Memory read and write requests are received. The read is received in accordance with a communication protocol that has a transaction ordering rule in which a memory read cannot pass a memory write. The memory read and write requests are forwarded to the first device in accordance with another communication protocol that has a transaction ordering rule in which a memory read may pass a memory write. The forwarded memory read request is allowed to pass the forwarded memory write request whenever a relaxed ordering flag in the received read request is asserted. Other embodiments are also described and claimed.

Description

    BACKGROUND
  • An embodiment of the invention is related to the processing of memory read and memory write requests in computer systems having both strong and relaxed transaction ordering. Other embodiments are also described.
  • A computer system has a fabric of several devices that communicate with each other using transactions. For example, a processor (which may be part of a multi-processor system) issues transaction requests to access main memory and to access I/O devices (such as a graphics display adapter and a network interface controller). The I/O devices can also issue transaction requests to access locations in a memory address map (memory read and memory write requests). There are also intermediary devices that act as a bridge between devices that communicate via different protocols. The fabric also has queues in various places, to temporarily store requests until resources are freed up before they are propagated or forwarded.
  • To ensure that transactions are completed in the sequence intended by the programmer of the software, strong ordering rules may be imposed on transactions that move through the fabric at the same time. However, this safe approach generally hampers performance in a complex fabric. For example, consider the scenario where a long sequence of transactions is followed by a completely unrelated one. If the sequence makes slow progress, then it significantly degrades the performance of the device waiting for the unrelated transaction to complete. For that reason, some systems implement relaxed ordering where certain transactions are allowed to bypass earlier ones.
  • However, consider a system whose fabric uses the Peripheral Components Interconnect (PCI) Express communications protocol, as described in PCI Express Base Specification 1.0a available from PCI-SIG Administration, Portland, Oreg. The PCI Express protocol is an example of a point to point protocol in which memory read requests are not allowed to pass memory writes. In other words, in a PCI Express fabric, a memory read is not allowed to proceed until an earlier memory write (that will share a hardware resource, such as a queue, with the memory read) has become globally visible. Globally visible means any other device or agent can access the written data.
  • BRIEF DESCRIPTION OF THE DRAWINGS
  • The embodiments of the invention are illustrated by way of example and not by way of limitation in the figures of the accompanying drawings in which like references indicate similar elements.
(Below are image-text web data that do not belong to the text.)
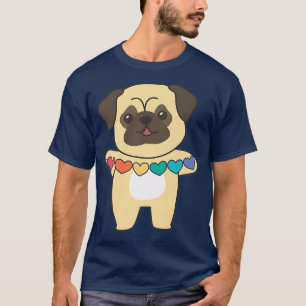 Rainbow Flag Gay Pride Lgbtq Heart Pug T-Shirt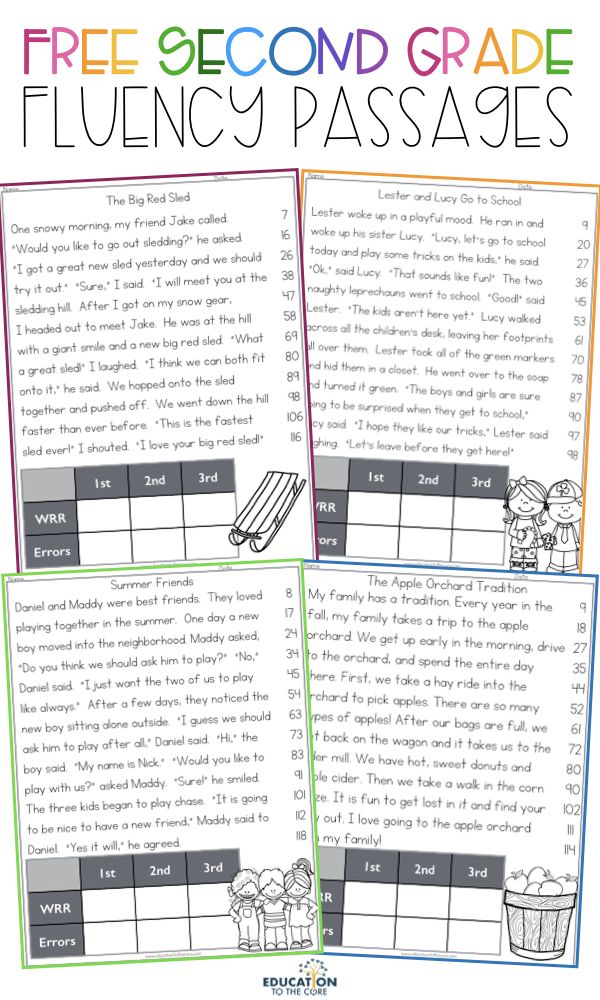 FREE 2nd Grade Fluency Passages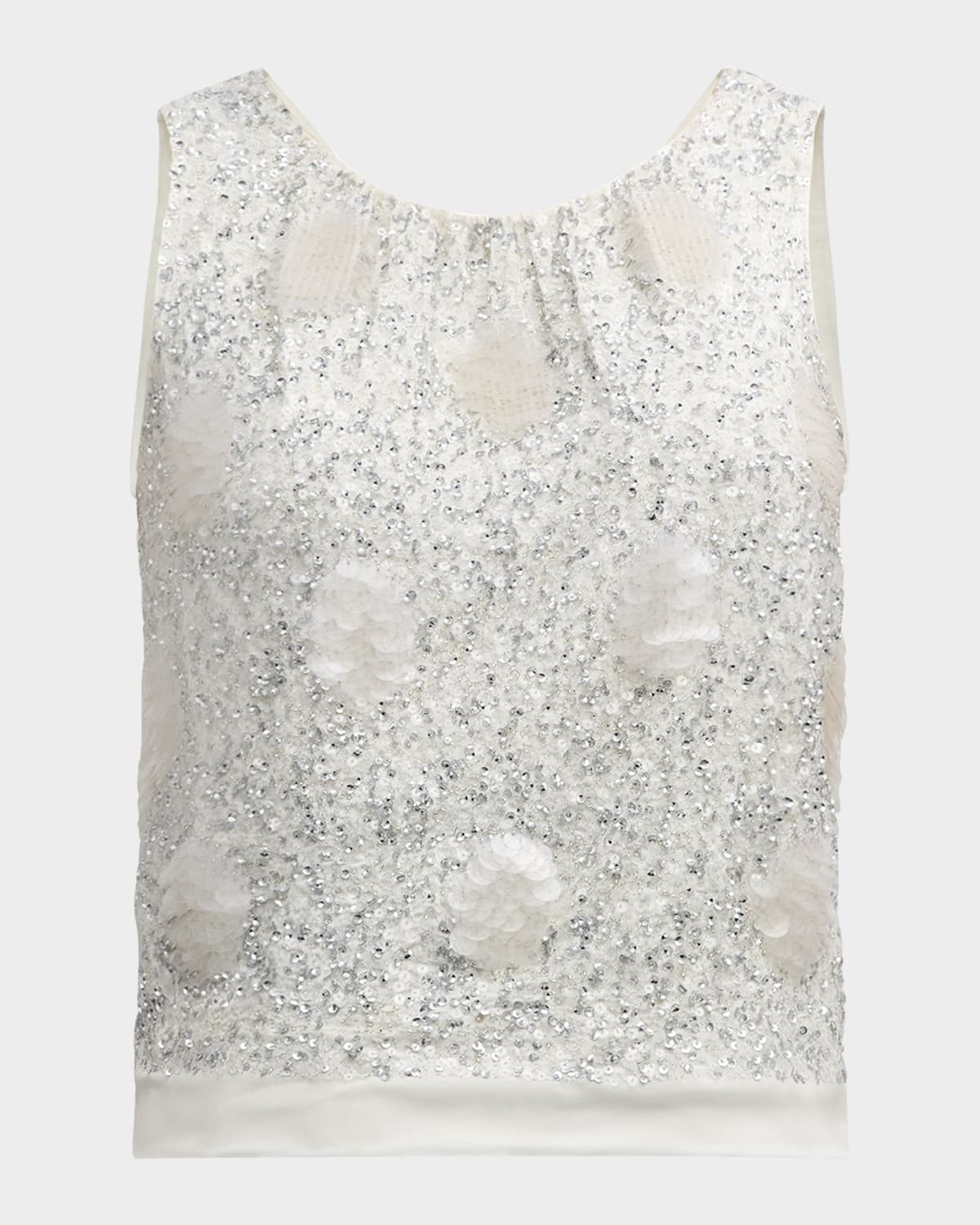 Polka-Dot Sequin Embellished Sleeveless Top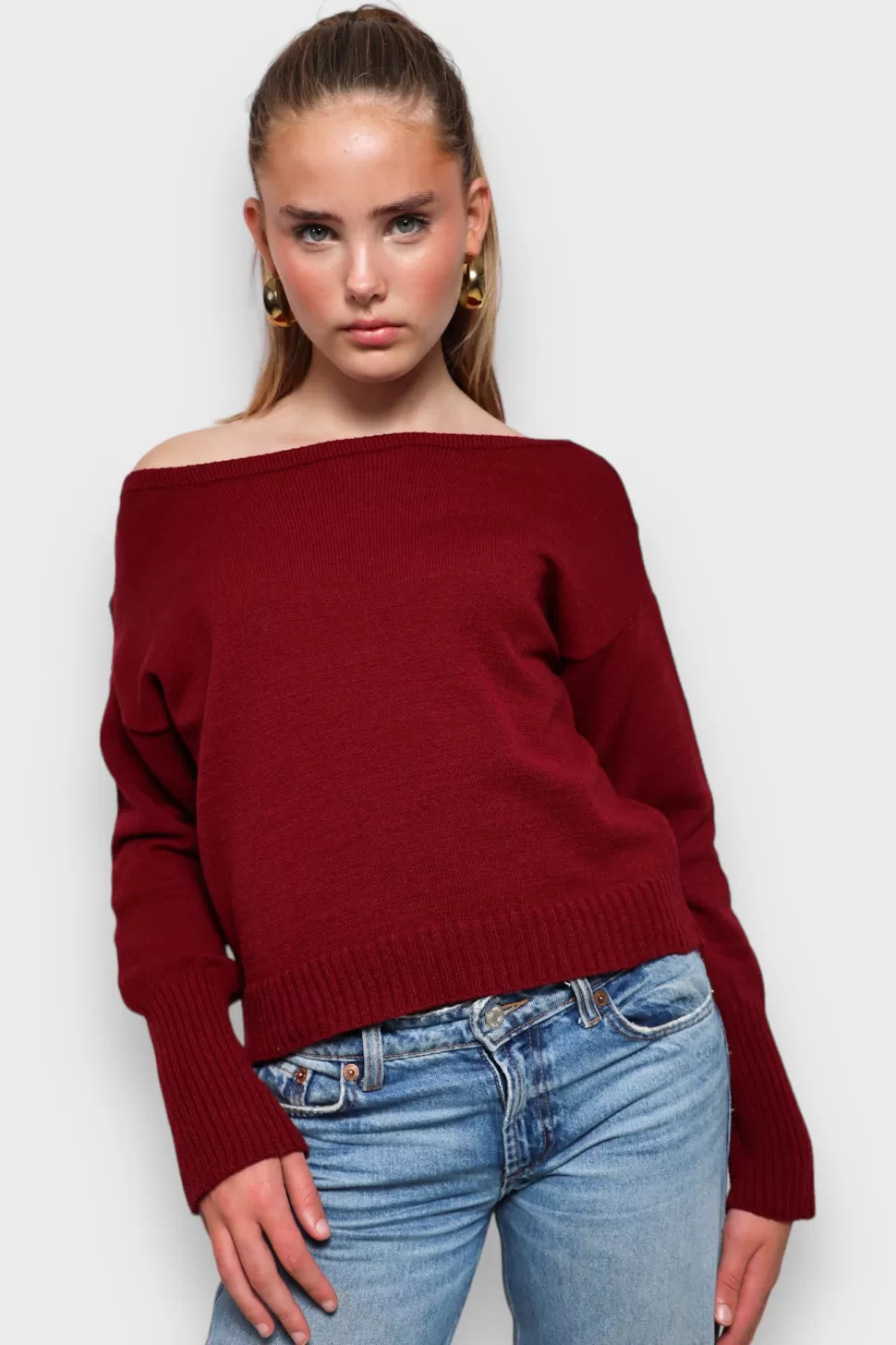 Vesten En Truien^Meet Me There One Shoulder Sweater Red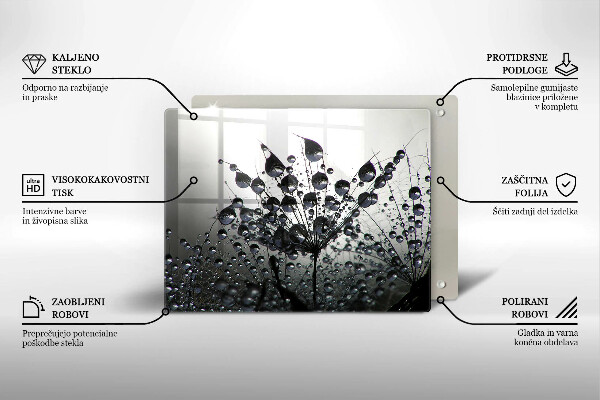 Tagliere in vetro temperato Denti di leone e rugiada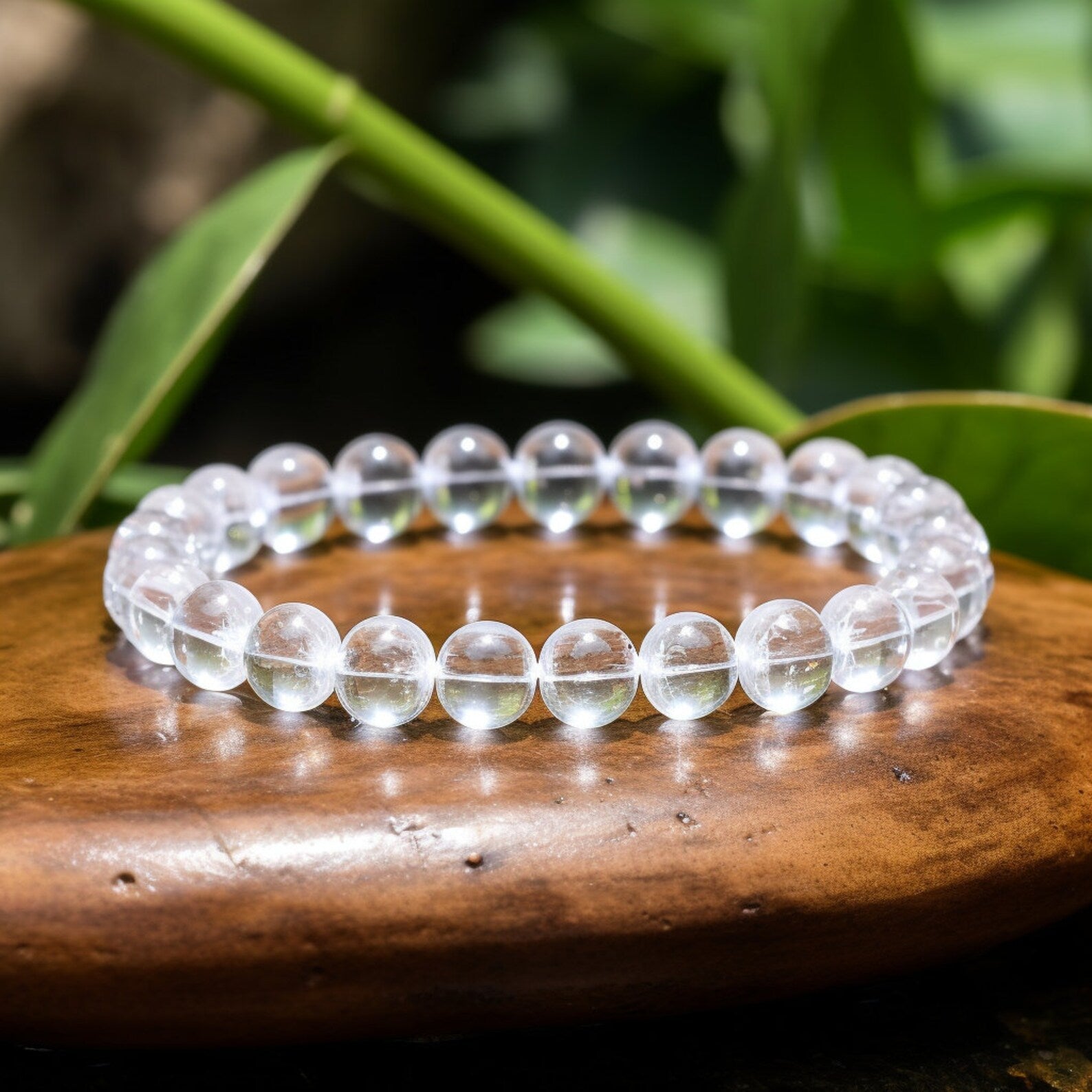 Round Faceted Sphatik Bracelet with Gold Polish Caps & Hook - Rudra Centre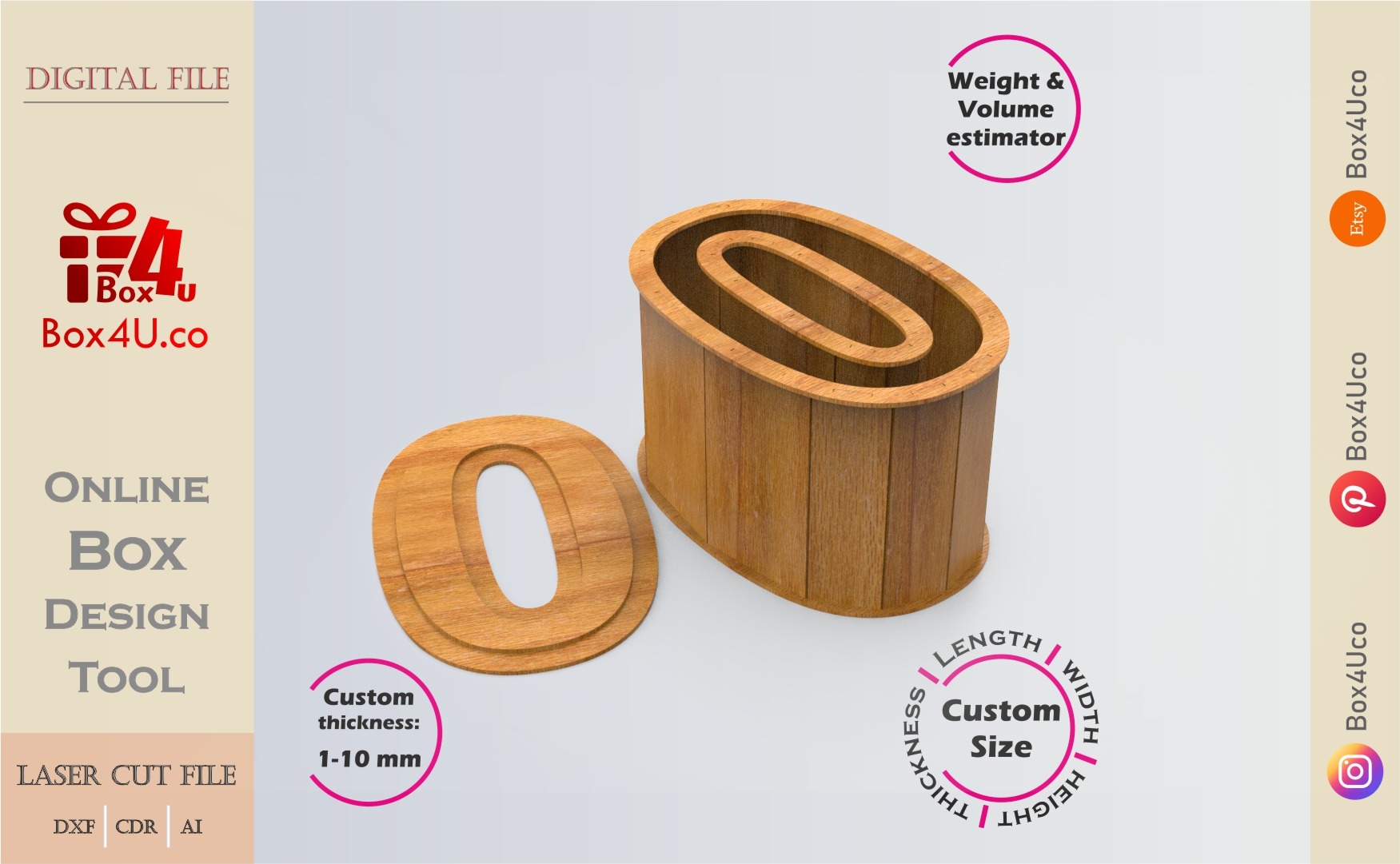 Online Design Number zero Box | bright wooden | App tool for number shape boxes | custom size laser cut file DXF, AI, CDR | Box4U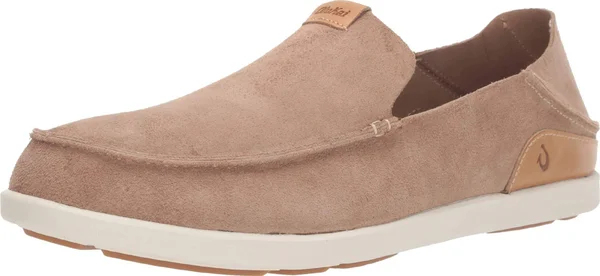 Olukai Nalukai Kala Men's Leather Slip on Shoes Sand - Bone - 12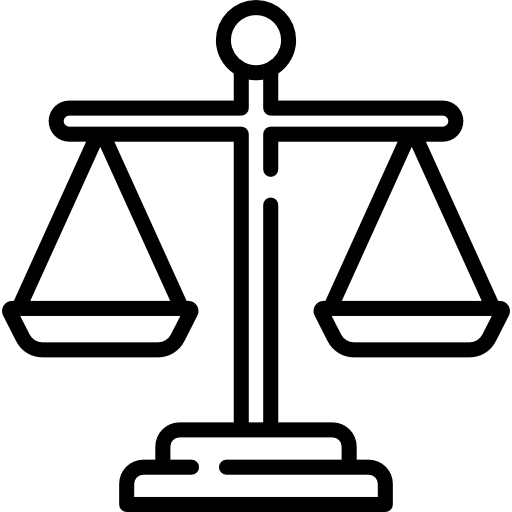 Black outline of a balanced weighing scale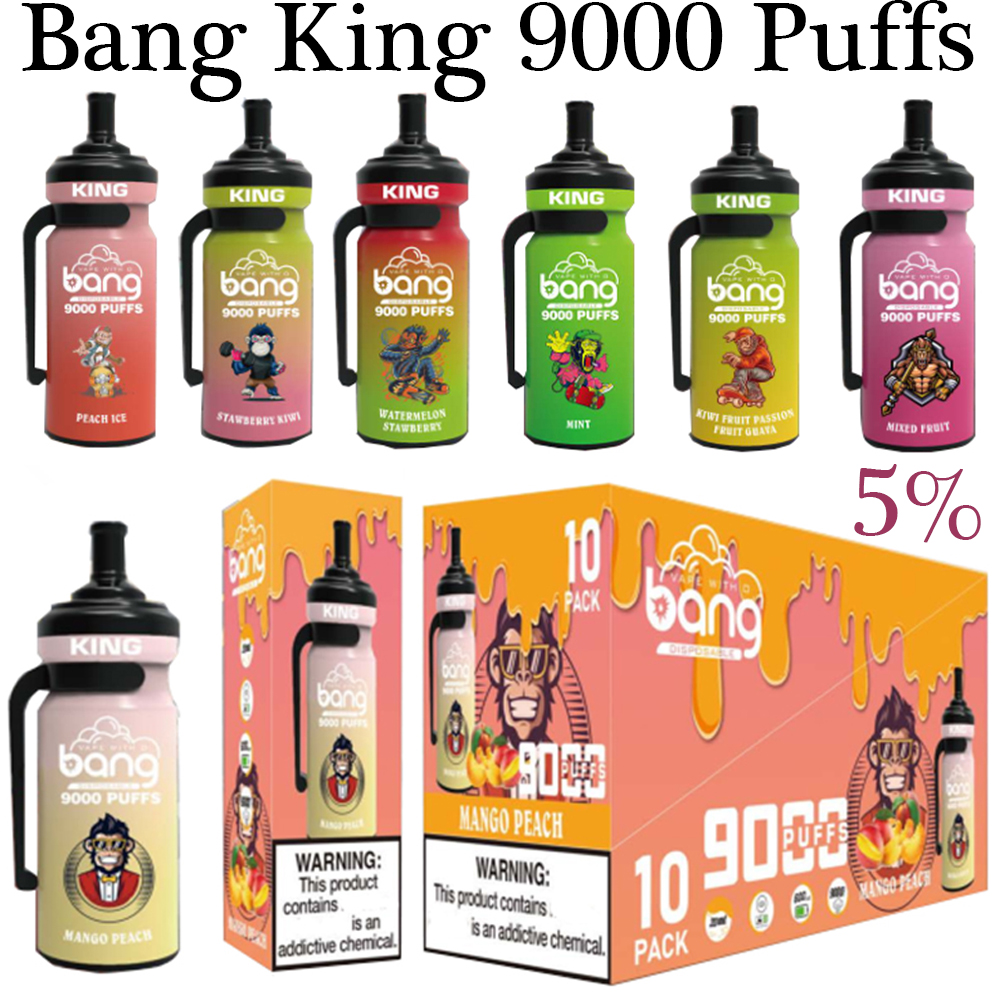 Bang 9000 Puffs King E Cigarettes Disposable 5% 20ml Refillable Pod Vapor Device 600mAh Battery 16 Flavors Available Puff 9000 Free Duty
Bang 9000 Puffs King E Cigarettes Disposable 5% 20ml Refillable Pod Vapor Device 600mAh Battery 16 Flavors Available Puff 9000 Free Duty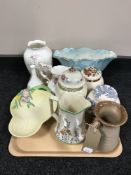 A tray of Royal Doulton Mystic Dawn vase, Maling vase, ginger jars,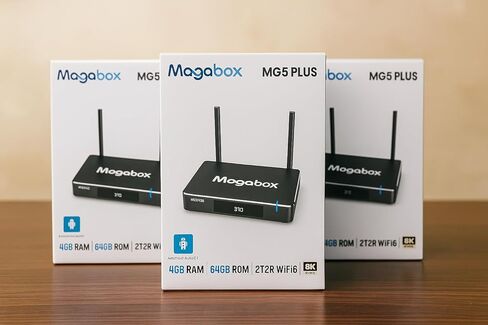 2026 Magabox MG5 Plus Android Smart Player, 8K UHD, 64GB Storage, WiFi 6 Connectivity, Voice Control Remote, with HDMI Cord in Kuwait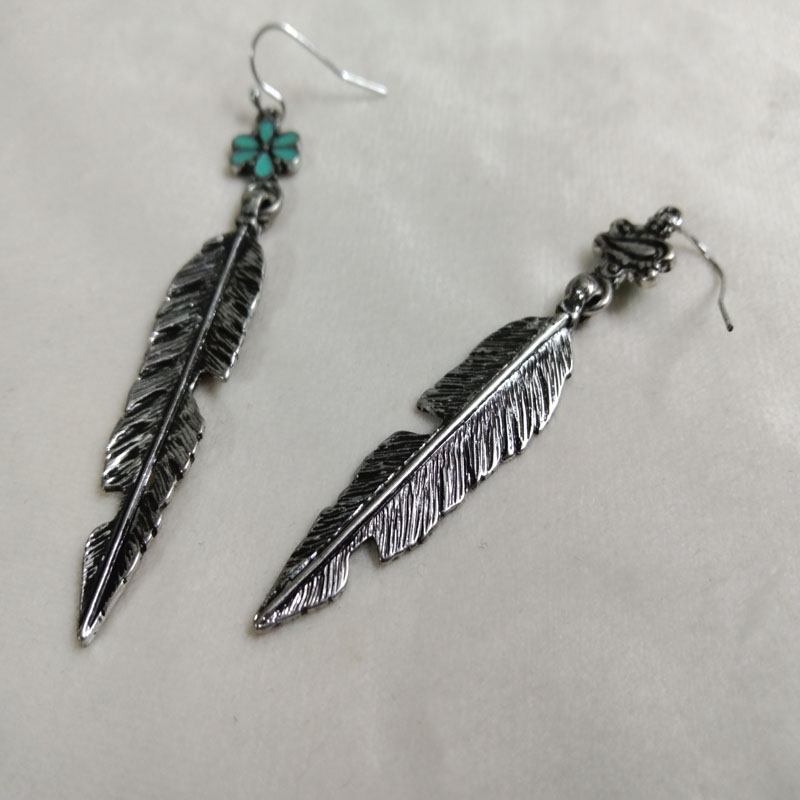 Antik Silber Feder Tropfen Ohr – Vintage Fashion Jewelry Brands Bewertung und Preis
It should be noted that references to “an” embodiment of the invention in this disclosure are not necessarily to the same embodiment, and they mean at least one.
  • FIG. 1 shows a block diagram of a computer system whose fabric in based on a point-to-point protocol such as PCI Express, and on a cache coherent protocol with relaxed ordering.
  • FIG. 2 shows a flow diagram of a more generalized method for processing memory read and write transactions using a relaxed ordering flag.
  • FIG. 3 shows a block diagram of another embodiment of the invention.
  • FIG. 4 illustrates a flow diagram of a method for processing read and write transactions without reliance on the relaxed ordering flag.
  • DETAILED DESCRIPTION
  • Beginning with FIG. 1, a block diagram of an example computer system whose fabric is in part based on a point-to-point protocol such as the PCI Express protocol is shown. The system has a processor 104 that is coupled to a main memory section 106 (which in this example consists of mostly dynamic random access memory, DRAM, devices). The processor 104 may be part of a multi-processor system, in this case having a second processor 108 that is also coupled to a separate main memory section 110 (consisting of mostly, once again DRAM devices). Memory devices other than DRAM may alternatively be used. The system also has a root device 114 that couples the processor 104 to a switch device 118. The root device is to send transaction requests on behalf of the processor 104 in a downstream direction, that is away from the root device 114. The root device 114 also sends memory requests on behalf of an endpoint 122. The endpoint 122 may be an I/O device such as a network interface controller, or a disk controller. The root device 114 has a port 124 to the processor 104 through which memory requests are sent. This port 124 is designed in accordance with a cache coherent point-to-point communication protocol having a somewhat relaxed transaction ordering rule that a memory read may pass a memory write. The port 124 may thus be said to be part of a coherent point-to-point link that couples the root device 114 to the processor 104 or 108.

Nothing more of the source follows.